During a collaboration between Harvard Business Review and the Stanford Social Media Lab, researchers uncovered an interesting finding. Employees reported spending an average of 1 hour and 56 minutes dealing with each instance of AI workslop. Based on the self-reported salaries of the survey participants and the estimated time to rectify each instance, that adds up to an invisible tax of roughly $186 per month per employee.

What is AI Workslop?

AI workslop is AI-produced output that seems credible on the surface but lacks any real, meaningful substance, or even contains factual inaccuracies. It may come in the form of an investment report that cites a bunch of statistics but is devoid of any wisdom for why the company is actually a good investment. It may come in the form of a model that incorrectly calculates several metrics. It may come in the form of a memo that was clearly not written in the person’s voice. Regardless of how AI workslop shows up, study participants reported a mixture of the same emotions: 53% felt annoyed, 38% felt confused, and 22% felt offended.

It is often the result of people blindly trusting AI outputs without quality checks, or any real thought at all. While AI models have undoubtedly improved since the study’s original publication in September 2025, AI workslop is still a problem that must be carefully considered when implementing AI.

Grounding

“AI, you are grounded.” No, not that kind of grounding. In the AI world, “grounding” refers to providing AI a carefully curated knowledge base to draw its answers from. It ultimately helps reduce the rate of “hallucinations,” the term for when generative AI says something that is verifiably incorrect.

There are very complex ways to ground AI, such as Retrieval-Augmented Generation (or “RAG”), but there are also simple ways to achieve relatively similar results. For example, when prompting a generative AI tool, you can upload the PDF you want it to draw from and say, “Only answer using the knowledge in this PDF.” There are also more purpose-built tools like NotebookLM, which fundamentally operates like a RAG system without all the complex setup. Regardless of the approach, grounding is a particularly powerful way to reduce hallucination-driven AI workslop.

Context

Leading generative AI models can hold nearly 1 million “tokens” (the unit of measure for AI, where one token equates to roughly 0.75 words) in their “context window,” or memory, at any given time. To put that into context … pun intended … it would take roughly 1.5 million tokens to capture the entire Harry Potter series. Yet people often use only a minimal number of tokens when prompting AI. In some ways, it is like owning a Ferrari but only driving it 5 miles per hour. (To be fair, there are dangers that come from driving a Ferrari too fast too, but we will focus on the pitfalls of driving it too slow for now.)

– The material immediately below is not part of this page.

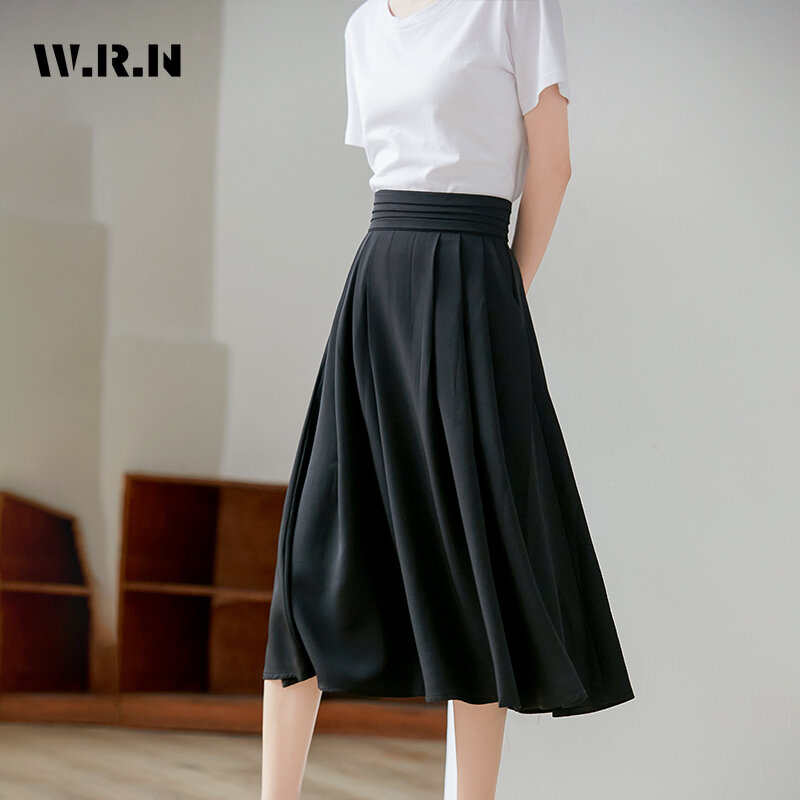 2024 Summer Vintage Slim Fit Elegant Mid Long Tierred Skirts Women's Casual Office Ladyt Style High Waist Slim Fit Sexy Skirt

Generative AI models can produce brilliant results because they are trained on the knowledge of the world. But generic prompts (e.g., “Write a motivational email I can send to my team”) produce generic outputs. Context-rich prompts produce far better ones. Compare the prompt above to: “I am about to kick off my Q1 ‘Win New Client Business’ initiative with my team of 5 people. Each is expected to bring in $100,000 in new business, which is a big stretch but doable with some creativity and hard work. Write me a motivational email I can send to my team that is in my voice (example emails attached) but also blends Herb Brooks’ and Steve Jobs’ styles of motivation.” Context is a particularly powerful way to reduce generic AI workslop.

SKILLs

Whenever you hire a new employee, they need to be trained to perform certain tasks according to the firm’s standards. The same is true with AI. And the creation process is a lot simpler than most people would think. In Claude or ChatGPT, simply type “Help me build a SKILL that …” and fill in the blank. The tool will produce a first draft of that SKILL, which you can refine further. Once it is refined to perfection, these SKILLs are automatically leveraged whenever Claude or ChatGPT sense that the SKILL is relevant.

The SKILL tool is actually quite new (launched in late 2025) and is quickly expanding to other AI platforms like Gemini. As a result, its full potential is only partially appreciated. But it has already generated some early wins. Some people have created SKILLs that polish up PowerPoints to meet brand standards (e.g., every bullet must end with a period, titles must be set in 28pt font, always use the hexadecimal color #135AE1 for font). Some have created SKILLs that analyze a document according to a framework learned in a book (e.g., read this industry report and categorize the information according to the principles of Blue Ocean Strategy). Some have created SKILLs so that AI writes in a style more aligned to their voice (e.g., do not use em dashes, always lead with a shocking opener, sprinkle in an exclamation point every few sentences). SKILLs will keep being applied in a wide variety of ways, but at a minimum they are making real progress against irrelevance-based AI workslop.

Human-in-the-Loop

Will grounding, context, and SKILLs eliminate all AI workslop? Definitely not. Which leads to the final point. It is always important to keep the human in the loop. AI does not carry the same accountability and fiduciary duty that industry professionals do. Even more, AI does not have the same wisdom, judgment, and taste that humans do. While it can undoubtedly accelerate and enhance the creation of certain deliverables, the human should always review the output and have the final say.